**WHAT NEEDS TO BE DONE**. Nothing but the records, copied exactly and stripped of pictures, should be in the answer.
◆ ◆ ◆ ◆ ◆
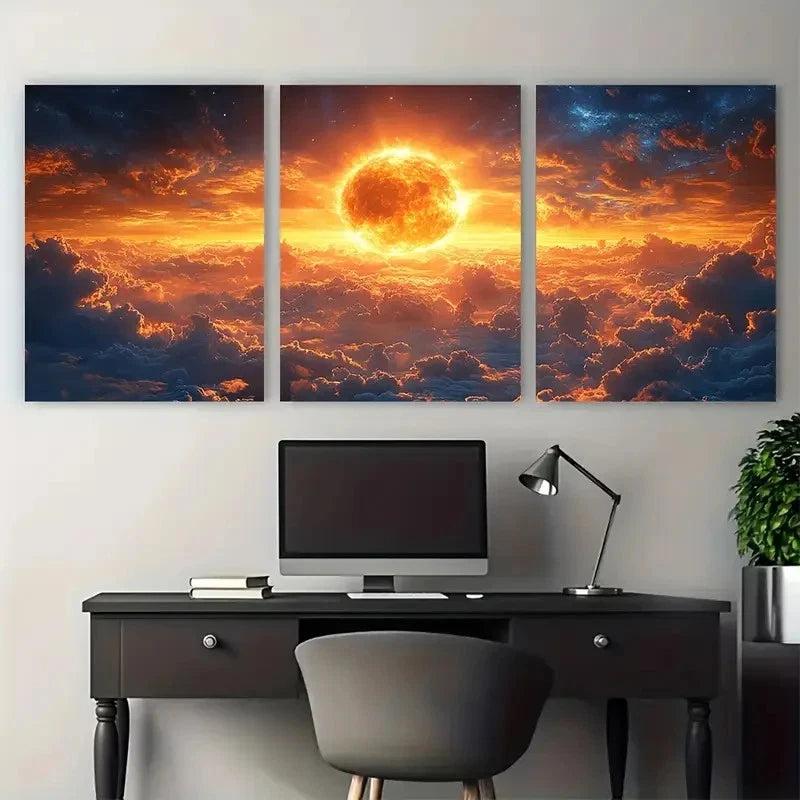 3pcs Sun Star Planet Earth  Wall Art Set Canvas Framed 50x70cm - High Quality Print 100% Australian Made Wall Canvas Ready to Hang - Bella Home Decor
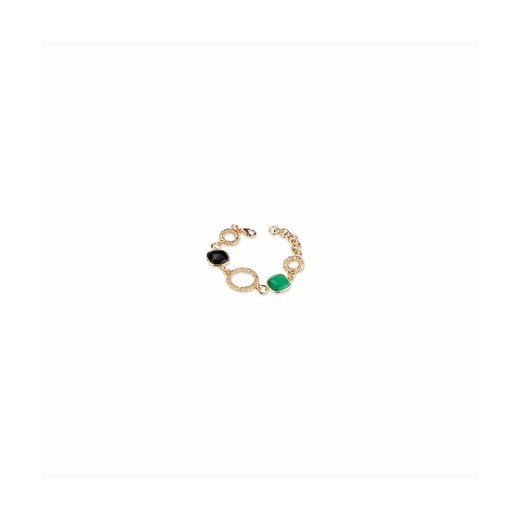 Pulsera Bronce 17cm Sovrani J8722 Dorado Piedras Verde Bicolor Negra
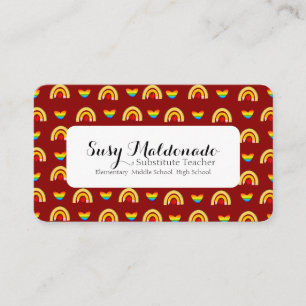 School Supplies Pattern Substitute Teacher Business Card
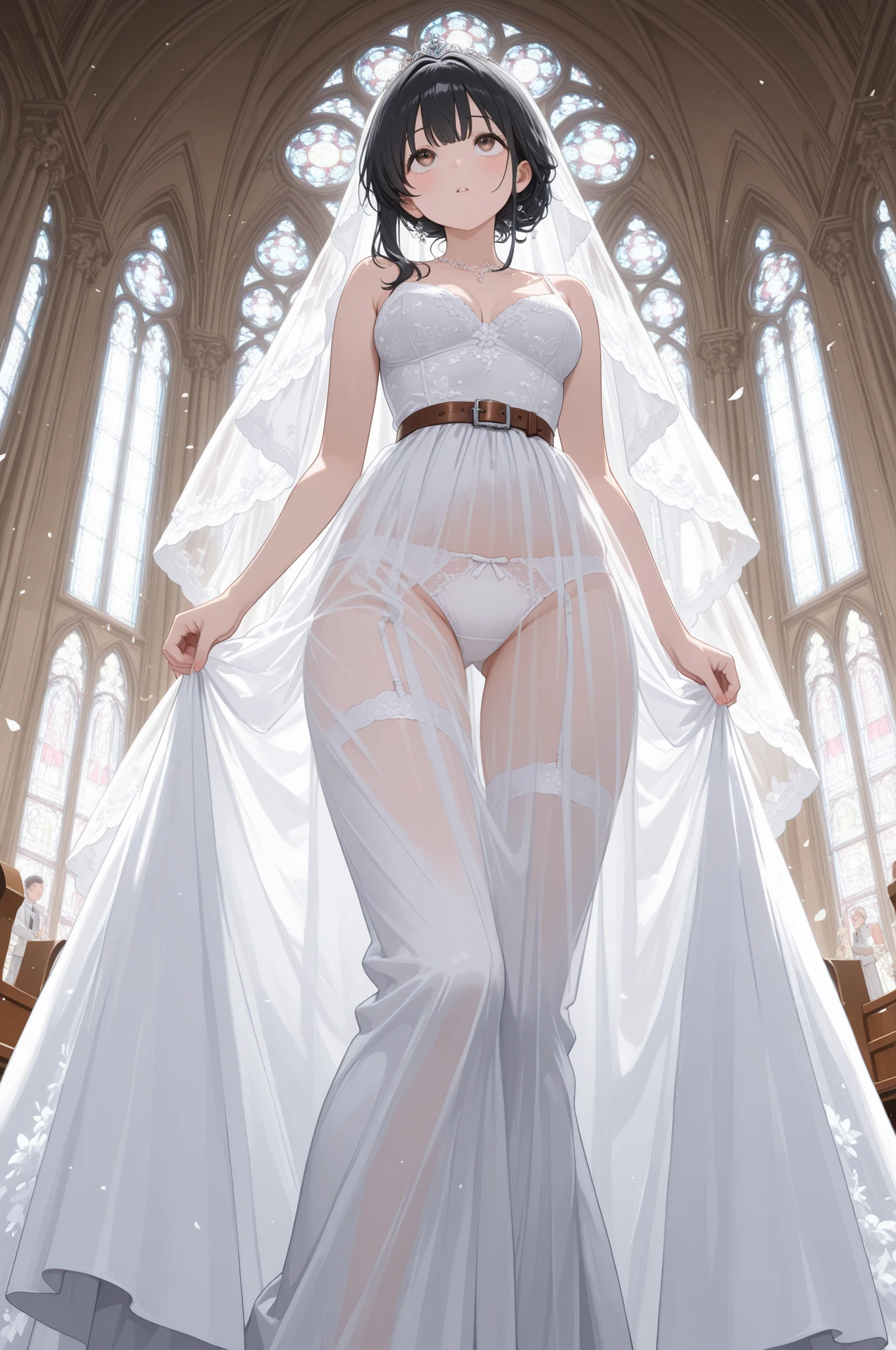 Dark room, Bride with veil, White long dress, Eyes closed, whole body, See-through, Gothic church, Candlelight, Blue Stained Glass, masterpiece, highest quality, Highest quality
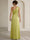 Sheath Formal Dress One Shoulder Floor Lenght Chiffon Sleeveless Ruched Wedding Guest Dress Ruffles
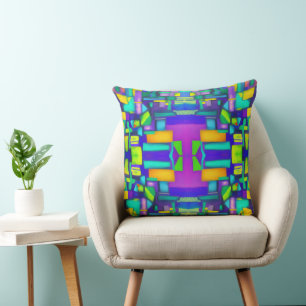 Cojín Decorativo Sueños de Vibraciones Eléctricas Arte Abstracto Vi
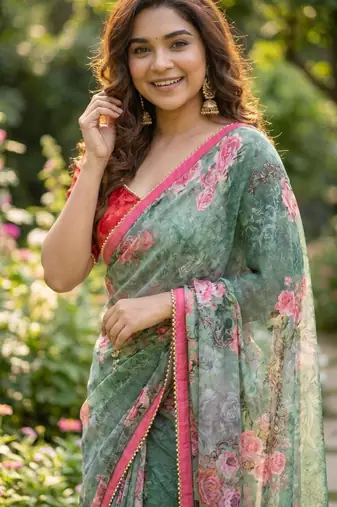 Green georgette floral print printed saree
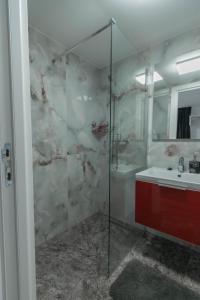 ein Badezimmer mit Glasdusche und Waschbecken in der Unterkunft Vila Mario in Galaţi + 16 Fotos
◆ ◆ ◆ ◆ ◆
**RESULT OF THIS EXERCISE**.
 3pcs Sun Star Planet Earth  Wall Art Set Canvas Framed 50x70cm - High Quality Print 100% Australian Made Wall Canvas Ready to Hang - Bella Home Decor
 Pulsera Bronce 17cm Sovrani J8722 Dorado Piedras Verde Bicolor Negra
 School Supplies Pattern Substitute Teacher Business Card
 Dark room, Bride with veil, White long dress, Eyes closed, whole body, See-through, Gothic church, Candlelight, Blue Stained Glass, masterpiece, highest quality, Highest quality
 Sheath Formal Dress One Shoulder Floor Lenght Chiffon Sleeveless Ruched Wedding Guest Dress Ruffles
 Cojín Decorativo Sueños de Vibraciones Eléctricas Arte Abstracto Vi
 Green georgette floral print printed saree
 ein Badezimmer mit Glasdusche und Waschbecken in der Unterkunft Vila Mario in Galaţi + 16 Fotos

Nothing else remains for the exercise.